If you are an undergraduate student, you probably share some attributes with other readers of this blog. You are likely a millennial, meaning that you may not remember the fall of the Berlin wall, and to you, the space race is a distant past. It is also likely that you do not remember an era when scientists focused mainly on their work, instead of on how to secure the funding.
Federal funding for “fundamental” or “basic” science research was at the all-time high in the 1960’s (see Figure 1). However, it has not increased in the recent past and, worse, has steadily declined. At a time when the science, technology, engineering, and math (STEM) workforce is forecast to hit a new peak, this should be alarming. Consumers love 21st-century technologies, like smartphones and smart TVs, but what will 22nd-century technology look like with diminished federal funding? Because we regularly hear about budget cuts and are surrounded by economic uncertainty, we fail to recognize that science funding in the U.S. is not keeping up with that of other countries (see Figure 2 below).

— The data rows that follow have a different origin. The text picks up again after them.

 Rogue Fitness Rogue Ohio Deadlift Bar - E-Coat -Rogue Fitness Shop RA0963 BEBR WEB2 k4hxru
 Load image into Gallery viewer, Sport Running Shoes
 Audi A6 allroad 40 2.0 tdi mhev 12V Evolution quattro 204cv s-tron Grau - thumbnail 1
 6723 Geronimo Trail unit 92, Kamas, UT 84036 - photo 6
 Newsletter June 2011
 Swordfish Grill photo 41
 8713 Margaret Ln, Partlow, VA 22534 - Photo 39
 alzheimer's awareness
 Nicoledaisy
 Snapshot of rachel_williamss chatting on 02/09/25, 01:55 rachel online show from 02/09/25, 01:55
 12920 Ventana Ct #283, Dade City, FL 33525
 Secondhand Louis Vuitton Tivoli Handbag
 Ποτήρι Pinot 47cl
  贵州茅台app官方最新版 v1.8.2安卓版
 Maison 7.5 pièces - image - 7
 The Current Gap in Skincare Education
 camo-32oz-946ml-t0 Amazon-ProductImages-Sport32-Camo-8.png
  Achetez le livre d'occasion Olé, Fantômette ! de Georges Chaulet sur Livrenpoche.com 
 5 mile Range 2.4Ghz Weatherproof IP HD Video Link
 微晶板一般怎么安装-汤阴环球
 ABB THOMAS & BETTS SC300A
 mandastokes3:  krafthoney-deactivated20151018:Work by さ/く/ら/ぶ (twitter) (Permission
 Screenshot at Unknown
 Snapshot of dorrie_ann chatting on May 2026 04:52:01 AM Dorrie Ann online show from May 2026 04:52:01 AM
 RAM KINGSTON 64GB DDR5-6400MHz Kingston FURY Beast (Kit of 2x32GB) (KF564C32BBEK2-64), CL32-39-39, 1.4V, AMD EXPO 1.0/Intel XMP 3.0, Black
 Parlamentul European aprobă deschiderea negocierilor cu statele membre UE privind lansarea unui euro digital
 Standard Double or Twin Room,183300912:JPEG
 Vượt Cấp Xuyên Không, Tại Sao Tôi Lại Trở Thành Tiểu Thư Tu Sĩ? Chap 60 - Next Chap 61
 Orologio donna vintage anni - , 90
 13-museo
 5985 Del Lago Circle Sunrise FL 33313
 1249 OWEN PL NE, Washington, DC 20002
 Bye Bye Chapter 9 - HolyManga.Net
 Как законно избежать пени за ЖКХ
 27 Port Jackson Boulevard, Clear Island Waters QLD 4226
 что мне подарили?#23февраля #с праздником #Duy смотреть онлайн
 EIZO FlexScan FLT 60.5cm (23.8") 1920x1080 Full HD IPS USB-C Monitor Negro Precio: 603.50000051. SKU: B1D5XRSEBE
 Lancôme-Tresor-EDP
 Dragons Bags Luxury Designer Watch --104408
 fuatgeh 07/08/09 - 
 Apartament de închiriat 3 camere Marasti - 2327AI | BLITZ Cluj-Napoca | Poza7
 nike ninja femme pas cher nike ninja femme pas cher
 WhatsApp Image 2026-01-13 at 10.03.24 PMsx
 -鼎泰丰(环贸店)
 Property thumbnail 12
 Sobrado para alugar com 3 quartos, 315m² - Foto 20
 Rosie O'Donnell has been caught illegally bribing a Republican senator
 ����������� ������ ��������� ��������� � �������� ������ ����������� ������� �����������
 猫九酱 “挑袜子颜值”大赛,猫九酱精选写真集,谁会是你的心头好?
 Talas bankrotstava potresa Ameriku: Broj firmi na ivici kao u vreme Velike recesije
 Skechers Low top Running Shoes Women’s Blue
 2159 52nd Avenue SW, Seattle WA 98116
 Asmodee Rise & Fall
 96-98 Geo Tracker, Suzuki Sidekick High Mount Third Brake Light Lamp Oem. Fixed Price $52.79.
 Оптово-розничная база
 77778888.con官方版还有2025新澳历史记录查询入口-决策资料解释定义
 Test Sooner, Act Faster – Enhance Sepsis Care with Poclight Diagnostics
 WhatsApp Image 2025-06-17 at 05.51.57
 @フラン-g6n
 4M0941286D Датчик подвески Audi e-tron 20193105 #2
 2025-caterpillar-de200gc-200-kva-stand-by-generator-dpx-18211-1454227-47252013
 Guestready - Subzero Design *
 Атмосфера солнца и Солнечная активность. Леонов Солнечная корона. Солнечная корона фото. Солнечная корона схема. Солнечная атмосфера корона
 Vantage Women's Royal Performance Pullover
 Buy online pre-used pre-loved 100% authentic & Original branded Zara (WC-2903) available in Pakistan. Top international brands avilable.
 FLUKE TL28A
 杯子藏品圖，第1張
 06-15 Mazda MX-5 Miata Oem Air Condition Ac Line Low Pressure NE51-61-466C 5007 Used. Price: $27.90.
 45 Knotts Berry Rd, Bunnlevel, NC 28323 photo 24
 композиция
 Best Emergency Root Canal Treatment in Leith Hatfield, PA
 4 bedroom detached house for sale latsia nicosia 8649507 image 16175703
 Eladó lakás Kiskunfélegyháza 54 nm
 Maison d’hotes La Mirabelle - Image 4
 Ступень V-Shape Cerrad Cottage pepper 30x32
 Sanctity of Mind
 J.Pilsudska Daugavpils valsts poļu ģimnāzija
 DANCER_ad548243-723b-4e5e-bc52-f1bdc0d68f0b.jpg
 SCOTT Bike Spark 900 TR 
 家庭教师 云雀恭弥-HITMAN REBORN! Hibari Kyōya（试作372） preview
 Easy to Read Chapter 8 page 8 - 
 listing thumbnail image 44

Being an astronomy student, I will draw an example from my own field. Research in the astronomical sciences was essentially bipolar in the mid 20th century, largely governed by the U.S. and U.S.S.R., but is now multipolar. For example, one of NASA’s most famous space telescopes, Hubble, has international partners, as does NASA’s more recent creation, the James Webb Space Telescope (JWST). As more and more space observatories and missions have become multinational projects, the U.S. has managed to maintain its premier status in astronomy research. However, the U.S. will fall behind if the scientists behind these advancements do not have the funding to collaborate with the other growing contributors to this field.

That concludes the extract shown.